● **DATA TO PROCESS**
........
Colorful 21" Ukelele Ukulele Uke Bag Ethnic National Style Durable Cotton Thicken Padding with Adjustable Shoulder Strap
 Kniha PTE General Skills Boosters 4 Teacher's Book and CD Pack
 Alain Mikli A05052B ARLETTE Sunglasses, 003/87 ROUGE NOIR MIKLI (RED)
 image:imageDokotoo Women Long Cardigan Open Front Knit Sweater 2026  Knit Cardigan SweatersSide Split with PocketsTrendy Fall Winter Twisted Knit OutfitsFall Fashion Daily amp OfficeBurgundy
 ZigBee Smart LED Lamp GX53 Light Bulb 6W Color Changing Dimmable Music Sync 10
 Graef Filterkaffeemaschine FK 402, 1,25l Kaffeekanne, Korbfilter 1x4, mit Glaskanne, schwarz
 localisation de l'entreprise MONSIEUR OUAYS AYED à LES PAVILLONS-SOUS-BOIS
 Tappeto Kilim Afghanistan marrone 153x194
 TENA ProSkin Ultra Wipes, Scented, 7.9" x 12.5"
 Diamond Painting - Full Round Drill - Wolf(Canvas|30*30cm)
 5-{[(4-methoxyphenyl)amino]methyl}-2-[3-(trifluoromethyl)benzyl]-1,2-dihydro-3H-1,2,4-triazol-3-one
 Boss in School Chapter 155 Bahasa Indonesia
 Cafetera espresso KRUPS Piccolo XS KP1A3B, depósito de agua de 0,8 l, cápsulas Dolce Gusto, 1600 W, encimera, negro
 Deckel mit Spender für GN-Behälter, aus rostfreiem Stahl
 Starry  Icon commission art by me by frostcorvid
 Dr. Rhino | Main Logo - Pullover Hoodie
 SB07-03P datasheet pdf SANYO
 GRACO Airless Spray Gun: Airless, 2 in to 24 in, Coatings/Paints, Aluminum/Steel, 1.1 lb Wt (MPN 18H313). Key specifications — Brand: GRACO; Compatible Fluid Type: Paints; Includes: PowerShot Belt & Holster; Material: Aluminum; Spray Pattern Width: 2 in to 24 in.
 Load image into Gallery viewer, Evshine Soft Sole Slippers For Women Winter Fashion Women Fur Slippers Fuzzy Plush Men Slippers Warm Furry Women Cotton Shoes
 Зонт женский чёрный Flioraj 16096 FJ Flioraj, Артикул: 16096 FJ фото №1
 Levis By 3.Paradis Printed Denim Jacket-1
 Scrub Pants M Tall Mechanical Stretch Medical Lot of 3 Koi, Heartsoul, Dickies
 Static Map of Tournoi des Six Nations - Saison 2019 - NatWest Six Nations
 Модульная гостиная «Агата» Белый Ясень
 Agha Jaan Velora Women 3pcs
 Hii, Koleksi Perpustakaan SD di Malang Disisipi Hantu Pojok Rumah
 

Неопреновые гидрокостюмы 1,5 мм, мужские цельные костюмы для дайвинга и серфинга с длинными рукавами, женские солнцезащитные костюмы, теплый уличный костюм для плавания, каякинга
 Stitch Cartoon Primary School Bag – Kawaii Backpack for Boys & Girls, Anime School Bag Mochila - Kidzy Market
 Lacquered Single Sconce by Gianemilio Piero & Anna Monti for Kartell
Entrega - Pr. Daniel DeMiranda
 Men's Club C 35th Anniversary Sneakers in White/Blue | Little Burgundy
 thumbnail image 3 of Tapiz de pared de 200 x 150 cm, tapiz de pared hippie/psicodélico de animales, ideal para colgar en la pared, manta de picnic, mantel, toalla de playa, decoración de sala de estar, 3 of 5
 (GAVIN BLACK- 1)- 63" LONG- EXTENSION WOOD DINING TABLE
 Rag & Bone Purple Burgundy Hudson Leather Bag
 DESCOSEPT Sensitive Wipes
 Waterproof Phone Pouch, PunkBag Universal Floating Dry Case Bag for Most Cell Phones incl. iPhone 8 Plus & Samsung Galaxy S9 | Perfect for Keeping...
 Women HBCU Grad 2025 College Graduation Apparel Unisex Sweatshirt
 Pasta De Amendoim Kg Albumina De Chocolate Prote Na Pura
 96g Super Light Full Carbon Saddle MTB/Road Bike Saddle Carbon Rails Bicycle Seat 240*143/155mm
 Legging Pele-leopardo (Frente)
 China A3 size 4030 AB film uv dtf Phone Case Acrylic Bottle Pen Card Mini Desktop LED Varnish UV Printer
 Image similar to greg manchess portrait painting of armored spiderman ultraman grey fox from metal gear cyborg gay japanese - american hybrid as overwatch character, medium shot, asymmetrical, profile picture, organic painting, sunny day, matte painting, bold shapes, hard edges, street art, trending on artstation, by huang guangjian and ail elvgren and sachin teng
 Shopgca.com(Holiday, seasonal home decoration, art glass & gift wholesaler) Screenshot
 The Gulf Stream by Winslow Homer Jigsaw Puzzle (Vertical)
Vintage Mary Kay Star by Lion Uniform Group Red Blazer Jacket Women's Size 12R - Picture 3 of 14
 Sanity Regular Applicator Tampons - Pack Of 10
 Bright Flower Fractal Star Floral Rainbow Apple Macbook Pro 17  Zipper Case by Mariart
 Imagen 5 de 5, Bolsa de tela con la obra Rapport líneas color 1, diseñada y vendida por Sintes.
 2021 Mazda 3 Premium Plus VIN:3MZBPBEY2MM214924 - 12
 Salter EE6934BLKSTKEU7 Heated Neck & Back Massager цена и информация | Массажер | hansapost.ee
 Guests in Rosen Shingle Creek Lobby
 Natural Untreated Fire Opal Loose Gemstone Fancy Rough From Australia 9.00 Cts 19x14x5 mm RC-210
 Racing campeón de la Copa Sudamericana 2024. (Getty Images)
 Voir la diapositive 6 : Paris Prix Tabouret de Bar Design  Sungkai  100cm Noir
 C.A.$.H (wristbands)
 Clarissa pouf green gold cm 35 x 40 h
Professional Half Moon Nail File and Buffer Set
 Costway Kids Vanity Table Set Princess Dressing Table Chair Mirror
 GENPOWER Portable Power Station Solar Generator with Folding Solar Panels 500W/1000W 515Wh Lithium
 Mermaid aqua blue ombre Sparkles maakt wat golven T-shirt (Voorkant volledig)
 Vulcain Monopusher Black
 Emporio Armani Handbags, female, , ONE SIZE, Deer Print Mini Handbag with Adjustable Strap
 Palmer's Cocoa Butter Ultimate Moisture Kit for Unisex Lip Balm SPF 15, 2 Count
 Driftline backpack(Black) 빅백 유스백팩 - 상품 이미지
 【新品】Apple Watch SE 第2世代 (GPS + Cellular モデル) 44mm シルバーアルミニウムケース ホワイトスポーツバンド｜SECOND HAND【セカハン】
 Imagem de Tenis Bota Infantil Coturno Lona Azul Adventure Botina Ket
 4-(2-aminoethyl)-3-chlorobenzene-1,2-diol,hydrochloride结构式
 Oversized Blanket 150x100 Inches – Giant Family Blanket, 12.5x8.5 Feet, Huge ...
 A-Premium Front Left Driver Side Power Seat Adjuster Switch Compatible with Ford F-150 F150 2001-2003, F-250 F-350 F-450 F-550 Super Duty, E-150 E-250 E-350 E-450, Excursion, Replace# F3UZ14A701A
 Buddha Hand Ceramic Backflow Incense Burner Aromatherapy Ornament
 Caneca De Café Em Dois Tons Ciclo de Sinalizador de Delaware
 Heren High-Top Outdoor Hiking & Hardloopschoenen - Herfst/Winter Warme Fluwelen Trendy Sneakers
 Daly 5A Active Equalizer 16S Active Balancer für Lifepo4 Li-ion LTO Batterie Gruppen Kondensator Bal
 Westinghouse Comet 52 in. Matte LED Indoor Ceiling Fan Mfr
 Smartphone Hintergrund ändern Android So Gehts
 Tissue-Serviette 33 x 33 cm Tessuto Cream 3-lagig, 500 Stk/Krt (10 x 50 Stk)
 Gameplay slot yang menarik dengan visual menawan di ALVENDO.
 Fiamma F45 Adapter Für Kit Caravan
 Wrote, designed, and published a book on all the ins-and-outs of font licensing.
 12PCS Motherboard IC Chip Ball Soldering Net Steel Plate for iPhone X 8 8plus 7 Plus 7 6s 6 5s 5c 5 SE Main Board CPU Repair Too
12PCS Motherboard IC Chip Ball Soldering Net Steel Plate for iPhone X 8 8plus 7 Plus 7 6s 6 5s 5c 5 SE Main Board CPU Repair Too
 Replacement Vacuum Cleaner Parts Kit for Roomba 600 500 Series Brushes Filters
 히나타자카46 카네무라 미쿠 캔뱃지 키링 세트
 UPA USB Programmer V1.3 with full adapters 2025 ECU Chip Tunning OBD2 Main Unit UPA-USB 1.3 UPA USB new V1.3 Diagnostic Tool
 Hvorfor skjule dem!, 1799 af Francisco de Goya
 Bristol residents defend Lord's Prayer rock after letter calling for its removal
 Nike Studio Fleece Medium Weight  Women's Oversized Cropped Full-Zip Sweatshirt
........
● **TASK GOAL**
In the listing above, find the line with "Daly 5A Active" and the line with "히나타자카46 카네무라 미쿠 캔뱃지 키링 세트", then reproduce both and every line between them exactly.

● **EXERCISE ANSWER**
 Daly 5A Active Equalizer 16S Active Balancer für Lifepo4 Li-ion LTO Batterie Gruppen Kondensator Bal
 Westinghouse Comet 52 in. Matte LED Indoor Ceiling Fan Mfr
 Smartphone Hintergrund ändern Android So Gehts
 Tissue-Serviette 33 x 33 cm Tessuto Cream 3-lagig, 500 Stk/Krt (10 x 50 Stk)
 Gameplay slot yang menarik dengan visual menawan di ALVENDO.
 Fiamma F45 Adapter Für Kit Caravan
 Wrote, designed, and published a book on all the ins-and-outs of font licensing.
 12PCS Motherboard IC Chip Ball Soldering Net Steel Plate for iPhone X 8 8plus 7 Plus 7 6s 6 5s 5c 5 SE Main Board CPU Repair Too
12PCS Motherboard IC Chip Ball Soldering Net Steel Plate for iPhone X 8 8plus 7 Plus 7 6s 6 5s 5c 5 SE Main Board CPU Repair Too
 Replacement Vacuum Cleaner Parts Kit for Roomba 600 500 Series Brushes Filters
 히나타자카46 카네무라 미쿠 캔뱃지 키링 세트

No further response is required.